## RECORDS FOR PROCESSING
⟨

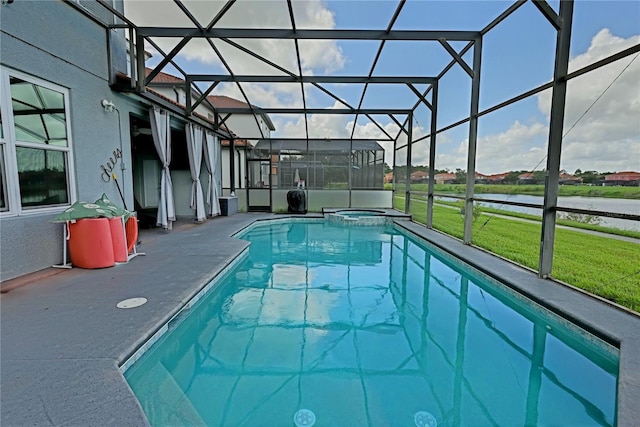 1030 Marcello Blvd, Kissimmee, FL 34746 - photo 48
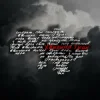 Мұқаба SUROV - Хвилина тиші SUROV - Хвилина тиші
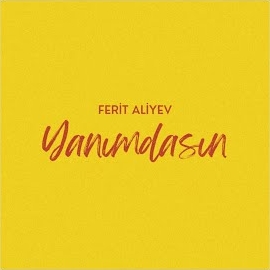 Yanımdasın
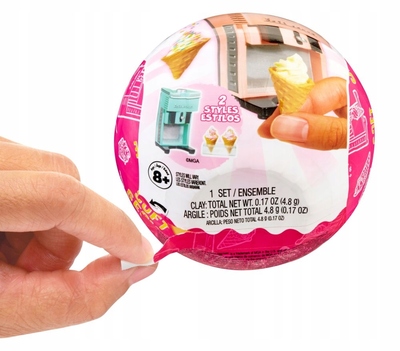 Mini-domace-spotrebice-Prekvapujuca-gula-Make-It-Mini-Appliances-Miniverse-Znacka-MGA.jpeg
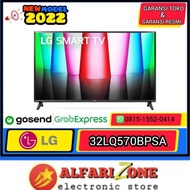 LG SMART TV 32 INCH 32LQ570 Digital TV 32" smart tv lg 32LQ570BPSA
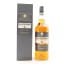 Glen Deveron 16 Year Old 1L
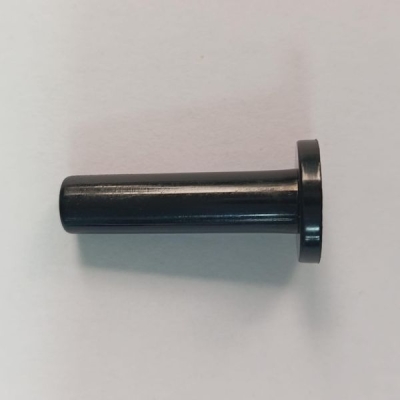 Заглушка для трубки 4/7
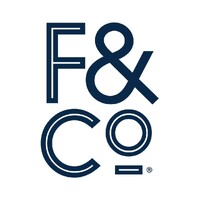Farmison & Co logo - Similar company to Field & Flower
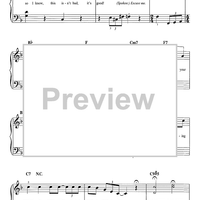 When I Am Older from Disney's Frozen 2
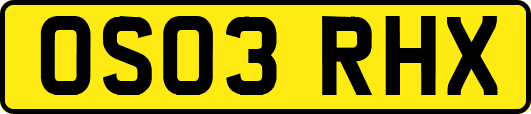 OS03RHX
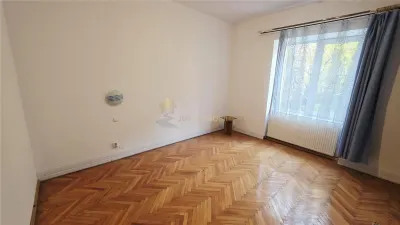 APARTAMENT 3 CAMERE 86 ZONA EMIL RACOVITA - foto 21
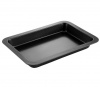 Roasting Pan Basic Photo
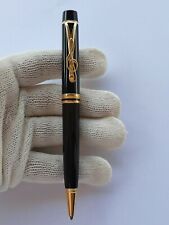 MONTBLANC PHILHARMONIA OF THE NATIONS BALL POINT PEN MADE IN GERMANY  picture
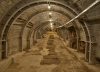 Pilgrim's Tunnel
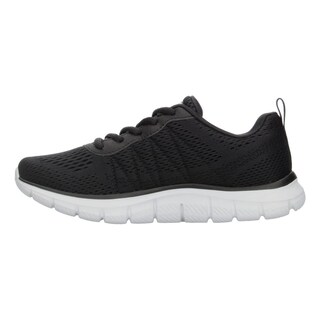Foto 5 | Foto 5 | Tenis Skechers Color Negro Para Mujer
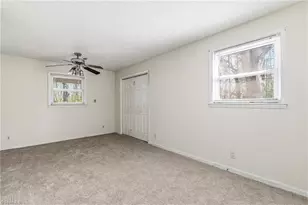 3825 Old Hollow Rd, Kernersville, NC 27284 - Photo 23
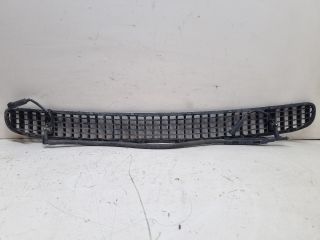 bontott BMW 3 E46 Első Ablakmosó Fúvóka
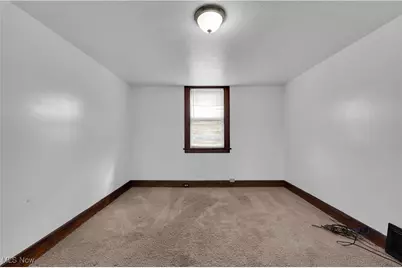 3757 W 135th Street, Loveland, OH 44111 - Photo 23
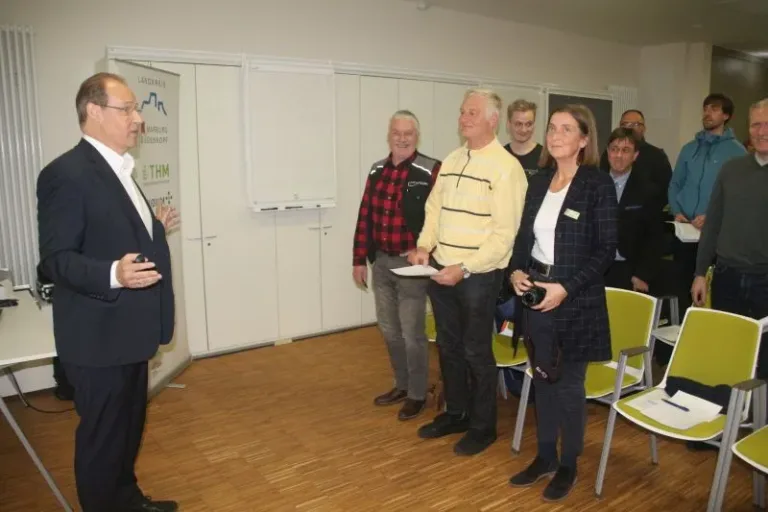 Träume sind die Grundpfeiler des Erfolgs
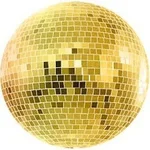 CM  Avatar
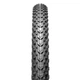 Покрышка велосипедная Grey's 27.5 x 2.25 W2018 27TPI - изображение 2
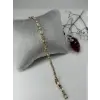 Xupıng Bileklik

⟩

## GOAL OF THE EXERCISE
One exact copy of the data is required, and it should hold no pictures.

## YOUR SOLUTION
 1030 Marcello Blvd, Kissimmee, FL 34746 - photo 48
 Мұқаба SUROV - Хвилина тиші SUROV - Хвилина тиші
 Yanımdasın
 Mini-domace-spotrebice-Prekvapujuca-gula-Make-It-Mini-Appliances-Miniverse-Znacka-MGA.jpeg
 LG SMART TV 32 INCH 32LQ570 Digital TV 32" smart tv lg 32LQ570BPSA
 Glen Deveron 16 Year Old 1L
 Заглушка для трубки 4/7
Farmison & Co logo - Similar company to Field & Flower
 When I Am Older from Disney's Frozen 2
 OS03RHX
 APARTAMENT 3 CAMERE 86 ZONA EMIL RACOVITA - foto 21
 Roasting Pan Basic Photo
 MONTBLANC PHILHARMONIA OF THE NATIONS BALL POINT PEN MADE IN GERMANY  picture
 Pilgrim's Tunnel
Foto 5 | Foto 5 | Tenis Skechers Color Negro Para Mujer
 3825 Old Hollow Rd, Kernersville, NC 27284 - Photo 23
 bontott BMW 3 E46 Első Ablakmosó Fúvóka
 3757 W 135th Street, Loveland, OH 44111 - Photo 23
 Träume sind die Grundpfeiler des Erfolgs
 CM  Avatar
 Покрышка велосипедная Grey's 27.5 x 2.25 W2018 27TPI - изображение 2
 Xupıng Bileklik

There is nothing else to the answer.